The motor is now in place and the Y-Pipe corrected.
I used to have a DynoPort can on the sled. With Wisconsin getting more strict on noise levels. I opted to go back to a stock set up.
The wife and I went to Hay Days this summer and met up with Troy, Howler, Fish, J Lowe from Team Summit, Hiawatha and some others. (We also partied with Team Thunderstruck and 13 Step - that is whole other article!)
I found a GREAT deal on a factory pipe and can. The can looked brand new. It still had the fiberglass strands in it. Some kid was watching the booth for his dad. I offered him $25 for the pipe and can - he took it. We got out of there before the dad came back.
I then took it a shop I work part time at. I cut off the socket end, and flared a new end to fit the Grafoil seal. I also shortened the pipe about a 1/2" at this time.
With all the exhaust work now complete, it was time to put the finishing details on the system.
I removed the heat shield, that is riveted on. I then cut off the rivet flanges and smoothed all the metal.
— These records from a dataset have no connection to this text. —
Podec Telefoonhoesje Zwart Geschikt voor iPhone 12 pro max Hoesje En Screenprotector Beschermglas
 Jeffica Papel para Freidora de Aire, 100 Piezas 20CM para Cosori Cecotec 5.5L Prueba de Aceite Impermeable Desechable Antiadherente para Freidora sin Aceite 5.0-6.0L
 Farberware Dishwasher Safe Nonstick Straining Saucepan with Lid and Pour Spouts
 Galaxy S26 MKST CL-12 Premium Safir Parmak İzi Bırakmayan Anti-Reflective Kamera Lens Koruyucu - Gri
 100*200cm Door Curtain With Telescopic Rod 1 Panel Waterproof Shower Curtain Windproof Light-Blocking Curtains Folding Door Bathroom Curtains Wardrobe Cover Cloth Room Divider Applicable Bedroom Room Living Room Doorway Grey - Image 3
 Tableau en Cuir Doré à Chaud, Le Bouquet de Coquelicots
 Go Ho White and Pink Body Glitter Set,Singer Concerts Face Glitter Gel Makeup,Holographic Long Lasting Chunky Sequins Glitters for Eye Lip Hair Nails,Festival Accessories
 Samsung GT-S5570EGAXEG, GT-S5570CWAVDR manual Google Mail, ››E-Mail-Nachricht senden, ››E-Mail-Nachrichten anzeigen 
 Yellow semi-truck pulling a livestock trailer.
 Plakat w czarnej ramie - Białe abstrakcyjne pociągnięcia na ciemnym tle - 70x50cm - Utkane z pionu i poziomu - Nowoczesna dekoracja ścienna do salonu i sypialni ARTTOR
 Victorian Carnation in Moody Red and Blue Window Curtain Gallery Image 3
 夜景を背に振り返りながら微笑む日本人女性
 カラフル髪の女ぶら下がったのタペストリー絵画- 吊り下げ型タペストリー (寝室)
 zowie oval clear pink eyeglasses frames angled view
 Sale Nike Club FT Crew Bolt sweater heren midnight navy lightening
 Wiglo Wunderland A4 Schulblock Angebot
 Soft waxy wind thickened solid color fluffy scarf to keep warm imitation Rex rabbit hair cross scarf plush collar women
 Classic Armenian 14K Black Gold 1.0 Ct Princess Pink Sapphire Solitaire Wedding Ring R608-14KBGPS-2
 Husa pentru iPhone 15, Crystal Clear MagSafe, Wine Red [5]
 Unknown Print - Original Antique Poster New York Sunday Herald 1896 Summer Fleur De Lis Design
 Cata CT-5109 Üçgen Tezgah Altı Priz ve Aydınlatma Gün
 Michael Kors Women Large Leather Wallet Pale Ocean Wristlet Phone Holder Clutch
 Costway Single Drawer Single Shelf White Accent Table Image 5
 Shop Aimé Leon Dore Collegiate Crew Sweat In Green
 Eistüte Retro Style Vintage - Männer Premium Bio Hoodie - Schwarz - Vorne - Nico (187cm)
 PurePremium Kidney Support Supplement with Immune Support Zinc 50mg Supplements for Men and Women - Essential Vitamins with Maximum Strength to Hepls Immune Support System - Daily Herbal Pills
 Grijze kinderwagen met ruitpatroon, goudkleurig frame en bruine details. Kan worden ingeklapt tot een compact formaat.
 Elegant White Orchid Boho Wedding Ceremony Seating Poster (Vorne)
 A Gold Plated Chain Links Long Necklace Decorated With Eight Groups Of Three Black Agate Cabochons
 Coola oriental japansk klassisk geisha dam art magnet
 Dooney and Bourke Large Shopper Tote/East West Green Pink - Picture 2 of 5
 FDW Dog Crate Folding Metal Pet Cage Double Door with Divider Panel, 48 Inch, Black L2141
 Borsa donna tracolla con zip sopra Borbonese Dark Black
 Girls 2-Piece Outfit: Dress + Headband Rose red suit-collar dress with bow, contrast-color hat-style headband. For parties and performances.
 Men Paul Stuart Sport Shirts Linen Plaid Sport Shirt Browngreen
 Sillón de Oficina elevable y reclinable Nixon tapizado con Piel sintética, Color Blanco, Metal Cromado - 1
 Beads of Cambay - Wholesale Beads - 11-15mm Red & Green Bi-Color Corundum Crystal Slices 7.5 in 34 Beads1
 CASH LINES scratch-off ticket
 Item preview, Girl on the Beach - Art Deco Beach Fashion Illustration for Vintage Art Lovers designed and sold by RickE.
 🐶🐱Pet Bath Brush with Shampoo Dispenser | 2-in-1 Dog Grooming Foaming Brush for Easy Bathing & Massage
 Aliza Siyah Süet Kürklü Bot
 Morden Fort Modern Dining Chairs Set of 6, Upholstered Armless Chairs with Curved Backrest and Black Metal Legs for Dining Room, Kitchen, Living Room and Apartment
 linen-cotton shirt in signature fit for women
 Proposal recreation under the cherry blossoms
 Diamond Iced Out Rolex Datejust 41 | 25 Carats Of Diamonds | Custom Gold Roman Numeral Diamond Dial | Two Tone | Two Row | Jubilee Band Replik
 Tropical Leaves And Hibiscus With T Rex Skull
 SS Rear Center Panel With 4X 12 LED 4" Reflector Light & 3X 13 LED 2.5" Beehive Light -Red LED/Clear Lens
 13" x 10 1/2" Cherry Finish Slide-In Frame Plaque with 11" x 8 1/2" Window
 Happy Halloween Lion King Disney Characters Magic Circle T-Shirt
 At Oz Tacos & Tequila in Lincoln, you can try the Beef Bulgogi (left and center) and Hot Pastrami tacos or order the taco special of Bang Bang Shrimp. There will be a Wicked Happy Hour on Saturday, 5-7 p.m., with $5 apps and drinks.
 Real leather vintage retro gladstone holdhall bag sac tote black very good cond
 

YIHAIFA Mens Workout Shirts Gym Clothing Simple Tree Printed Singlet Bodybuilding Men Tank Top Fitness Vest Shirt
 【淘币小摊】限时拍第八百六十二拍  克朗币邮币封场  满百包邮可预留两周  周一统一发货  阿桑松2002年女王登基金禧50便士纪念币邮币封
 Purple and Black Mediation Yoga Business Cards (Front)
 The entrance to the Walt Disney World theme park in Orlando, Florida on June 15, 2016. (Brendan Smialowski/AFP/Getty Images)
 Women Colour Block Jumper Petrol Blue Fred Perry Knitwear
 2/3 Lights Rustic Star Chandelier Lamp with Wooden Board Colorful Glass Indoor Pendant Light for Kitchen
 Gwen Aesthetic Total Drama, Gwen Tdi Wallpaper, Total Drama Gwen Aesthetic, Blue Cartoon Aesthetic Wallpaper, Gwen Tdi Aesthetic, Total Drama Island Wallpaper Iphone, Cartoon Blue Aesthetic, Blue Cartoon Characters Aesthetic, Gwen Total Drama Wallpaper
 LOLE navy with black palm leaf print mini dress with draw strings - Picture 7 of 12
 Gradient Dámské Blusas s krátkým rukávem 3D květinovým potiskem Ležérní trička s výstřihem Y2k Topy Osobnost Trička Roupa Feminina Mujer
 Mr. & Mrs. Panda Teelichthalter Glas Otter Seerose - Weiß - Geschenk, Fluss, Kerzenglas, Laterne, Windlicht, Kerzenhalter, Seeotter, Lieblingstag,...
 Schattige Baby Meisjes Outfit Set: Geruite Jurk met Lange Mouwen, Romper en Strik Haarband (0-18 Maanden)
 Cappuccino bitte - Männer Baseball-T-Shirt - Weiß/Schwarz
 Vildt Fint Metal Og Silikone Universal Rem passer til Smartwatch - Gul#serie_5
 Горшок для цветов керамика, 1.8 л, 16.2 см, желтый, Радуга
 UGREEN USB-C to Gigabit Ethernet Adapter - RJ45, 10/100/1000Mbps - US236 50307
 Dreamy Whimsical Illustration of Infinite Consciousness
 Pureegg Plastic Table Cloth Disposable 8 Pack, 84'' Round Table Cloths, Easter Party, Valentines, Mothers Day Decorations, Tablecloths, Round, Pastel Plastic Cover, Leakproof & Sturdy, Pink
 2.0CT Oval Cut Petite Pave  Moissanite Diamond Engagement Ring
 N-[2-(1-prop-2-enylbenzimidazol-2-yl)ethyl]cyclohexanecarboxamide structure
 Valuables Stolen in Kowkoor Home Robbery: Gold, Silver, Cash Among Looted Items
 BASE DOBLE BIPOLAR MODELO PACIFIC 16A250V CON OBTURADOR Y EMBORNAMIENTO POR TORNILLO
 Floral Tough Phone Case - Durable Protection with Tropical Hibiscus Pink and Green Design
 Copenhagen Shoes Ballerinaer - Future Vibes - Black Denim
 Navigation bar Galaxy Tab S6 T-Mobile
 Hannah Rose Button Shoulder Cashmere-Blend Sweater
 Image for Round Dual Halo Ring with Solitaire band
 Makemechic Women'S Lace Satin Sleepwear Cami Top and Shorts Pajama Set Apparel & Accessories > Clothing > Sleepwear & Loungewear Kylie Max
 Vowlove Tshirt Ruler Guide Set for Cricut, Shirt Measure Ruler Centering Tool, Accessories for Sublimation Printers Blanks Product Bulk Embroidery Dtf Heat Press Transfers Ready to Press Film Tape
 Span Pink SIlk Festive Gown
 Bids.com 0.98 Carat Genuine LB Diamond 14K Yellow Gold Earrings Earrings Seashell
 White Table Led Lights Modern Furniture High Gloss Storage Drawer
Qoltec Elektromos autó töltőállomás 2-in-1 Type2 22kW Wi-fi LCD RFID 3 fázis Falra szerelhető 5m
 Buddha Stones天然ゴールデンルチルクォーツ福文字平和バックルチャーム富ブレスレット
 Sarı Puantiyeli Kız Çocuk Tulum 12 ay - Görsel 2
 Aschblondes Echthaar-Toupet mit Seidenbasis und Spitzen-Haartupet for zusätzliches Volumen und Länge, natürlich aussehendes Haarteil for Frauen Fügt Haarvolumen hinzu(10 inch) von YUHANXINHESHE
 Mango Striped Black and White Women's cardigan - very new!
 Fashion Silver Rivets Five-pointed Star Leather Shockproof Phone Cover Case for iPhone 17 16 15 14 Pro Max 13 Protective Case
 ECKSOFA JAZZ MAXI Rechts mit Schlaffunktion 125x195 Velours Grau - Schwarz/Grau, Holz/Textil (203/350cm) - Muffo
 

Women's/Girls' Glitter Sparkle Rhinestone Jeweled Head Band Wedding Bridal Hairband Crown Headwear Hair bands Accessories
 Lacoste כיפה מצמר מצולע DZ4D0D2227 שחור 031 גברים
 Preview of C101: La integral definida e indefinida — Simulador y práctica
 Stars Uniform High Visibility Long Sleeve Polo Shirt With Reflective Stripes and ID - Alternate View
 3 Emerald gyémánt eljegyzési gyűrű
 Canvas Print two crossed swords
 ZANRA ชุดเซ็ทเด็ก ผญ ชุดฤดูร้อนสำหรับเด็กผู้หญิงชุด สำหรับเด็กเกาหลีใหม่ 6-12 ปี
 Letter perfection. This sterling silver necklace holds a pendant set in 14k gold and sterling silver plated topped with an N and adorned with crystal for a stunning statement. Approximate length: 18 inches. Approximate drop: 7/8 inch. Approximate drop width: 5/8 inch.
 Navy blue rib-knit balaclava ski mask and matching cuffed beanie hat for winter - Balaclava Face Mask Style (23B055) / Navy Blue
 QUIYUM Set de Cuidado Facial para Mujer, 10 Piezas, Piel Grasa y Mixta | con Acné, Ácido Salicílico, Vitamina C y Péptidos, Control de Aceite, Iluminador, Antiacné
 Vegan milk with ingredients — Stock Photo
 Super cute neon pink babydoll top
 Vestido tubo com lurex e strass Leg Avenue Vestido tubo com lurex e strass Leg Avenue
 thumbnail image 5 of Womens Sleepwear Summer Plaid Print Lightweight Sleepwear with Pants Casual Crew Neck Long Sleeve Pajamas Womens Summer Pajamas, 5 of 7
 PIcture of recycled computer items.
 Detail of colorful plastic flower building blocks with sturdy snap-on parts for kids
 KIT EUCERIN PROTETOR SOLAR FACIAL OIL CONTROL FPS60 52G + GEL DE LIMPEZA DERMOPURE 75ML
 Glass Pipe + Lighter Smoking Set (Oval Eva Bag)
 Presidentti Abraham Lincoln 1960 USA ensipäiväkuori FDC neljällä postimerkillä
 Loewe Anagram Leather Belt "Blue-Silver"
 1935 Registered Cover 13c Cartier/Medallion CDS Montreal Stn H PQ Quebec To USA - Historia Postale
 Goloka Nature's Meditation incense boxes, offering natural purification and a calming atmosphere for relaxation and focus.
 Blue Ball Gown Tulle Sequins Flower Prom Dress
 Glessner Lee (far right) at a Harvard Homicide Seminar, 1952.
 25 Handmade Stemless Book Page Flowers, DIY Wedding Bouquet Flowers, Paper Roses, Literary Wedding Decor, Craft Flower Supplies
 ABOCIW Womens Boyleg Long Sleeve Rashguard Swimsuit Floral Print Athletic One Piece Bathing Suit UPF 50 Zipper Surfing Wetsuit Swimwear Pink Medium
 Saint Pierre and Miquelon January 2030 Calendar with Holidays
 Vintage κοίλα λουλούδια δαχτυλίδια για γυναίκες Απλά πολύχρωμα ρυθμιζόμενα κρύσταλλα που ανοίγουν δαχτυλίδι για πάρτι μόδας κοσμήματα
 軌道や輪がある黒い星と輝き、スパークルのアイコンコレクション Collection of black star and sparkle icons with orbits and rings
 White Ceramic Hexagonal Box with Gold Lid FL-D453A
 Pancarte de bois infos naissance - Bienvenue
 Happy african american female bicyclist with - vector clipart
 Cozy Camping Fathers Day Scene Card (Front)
I then polished all the aluminum pieces and put it back together with stainless steel worm clamps.
I then sand blasted the exhaust tube and muffler and painted them with flat black John Deere muffler paint.
Now that the exhaust is done, the engine is in place, the chaincase dropped and rolled and the rear suspension in place it is time to set the clutches in place.
I originally used a 'mostly stock' TRA drive clutch and an Artic Cat reverse cam roller secondary driven clutch. I purchased a conversion jack-shaft from Fett Brothers to bring the whole thing together.
Here you can see the Artic Cat secondary in place. The second picture is of the alignment procedure. You need to have a 1.25" belt deflection on this particular set-up.
I might mention that I did machine the dust shield out of Arctic Cat clutch to allow the belt to run further down in the sheaves. You also have to shim the Cat clutch away from the jack-shaft bearing surface or it will not allow it to open all and rub on the bearing collar.
Since the writing of this original article, I have changed the clutch set up.
I am now running a lightweight TRA with Thundershift arms and 300 ramps. I am also changed to a TEAM TSS-98 secondary.
There a big difference in backshiftting from the Ski-Doo secondary to the Arctic Cat. There is a HUGE difference in backshifting (for the better) in using the Team.
I had the carbs bored to 45.5mm. As stated previously, that is the max size without changing slide size.
I still use the stock air box for noise reasons, as previously stated.
I did remove the stock air boots from the air box. I replaced them with air boots from a ZX model. The ZX boots are longer and make an air horn inside the box to get a longer straighter shot of air into the carbs.
You can see in these shots how much difference there is in the boots.